We were already in the air when Vice President Al Gore called Primakov to tell him that the bombing campaign was about to begin. Primakov had to decide what to do. Most Russians regard the Serbs as our historical allies, fellow Slavs who fought with us against Muslim forces threatening from the east. After hurried discussions, Primakov ordered the crew to turn the plane around in mid-flight over the Atlantic and return to Moscow, scrapping a long-scheduled round of high-level economic and security talks with the Clinton administration. It was a dramatic protest against Western military action against Serbia, but also a symbolic U-turn in Russia’s whole relationship with the West. Even though I was on that plane, I am not sure that I fully understood at that moment the fateful consequences of what was happening. There was, however, a very real sense of a historic drama being played out before our eyes. At Shannon airport in Ireland, where we landed for refuelling on the way back home, I bought a box of Irish whisky and we all shared it to drown our anxiety about the future. We didn’t know it, but in a little over six months Yeltsin would be gone, and Russia would be under the rule of a very different type of leader.

CHAPTER 5

THE HUMBLING

An enduring memory of my childhood was being allowed to stay up late on New Year’s Eve. From my earliest years, I knew that at a few minutes before midnight – in the moments before national television broadcast the Kremlin chimes, signalling the advent of a new year – the country’s leader would address us, the Russian people. The tradition had begun in 1941, in the darkest days of the war, when the titular head of state Mikhail Kalinin took to the radio to rally Soviet spirits in the face of Hitler’s inhuman onslaught against us. In my early memories, it was Leonid Brezhnev who would slur his way through a summary of what had been achieved and what was expected in the year ahead. In 1985, we watched with especial excitement as the new broom in the Kremlin, Mikhail Gorbachev, outlined his vision for change. Then in 1987 and 1988, there was the extraordinary spectacle of Gorbachev and Ronald Reagan swapping roles, so that Reagan spoke to us and Gorbachev addressed the American people on New Year’s Eve, which brought us tangible proof that the Cold War was thawing.
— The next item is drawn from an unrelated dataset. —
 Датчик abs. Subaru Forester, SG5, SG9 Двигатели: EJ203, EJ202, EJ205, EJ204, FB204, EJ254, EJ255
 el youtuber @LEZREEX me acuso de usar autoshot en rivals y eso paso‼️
But it was 1999 that produced the biggest surprise. The millions of viewers switching on their TV sets at midnight, expecting to see the familiar red-nosed, puffy-cheeked face of Boris Yeltsin, champagne glass in hand, were in for a shock. In his place, a small, unfamiliar man in an ill-fitting suit was sitting in front of a decorated Christmas tree, trying to look presidential. Breaking with years of tradition, Yeltsin had already made his New Year speech, and instead of the usual, well-worn expressions of national congratulation, he had startled us. ‘I want to apologise,’ Yeltsin said, ‘for failing to make all our dreams come true, for failing to foresee that what at first seemed easy would turn out to be agonisingly hard. I apologise for betraying the hopes of all of us who believed we would be able to jump in a single leap from the grey, retrograde, totalitarian past to the shining, rich and civilised future.’ Yeltsin announced that he was resigning, in order to hand over the presidency to a new man, ‘a strong person who deserves to become President’, who would ensure that Russia never again regressed to its discredited, authoritarian past. For those who did not know who this ‘strong person’ was – possibly the majority of those watching – a helpful caption appeared, naming him as ‘Acting President of the Russian Federation, Vladimir Vladimirovich Putin.’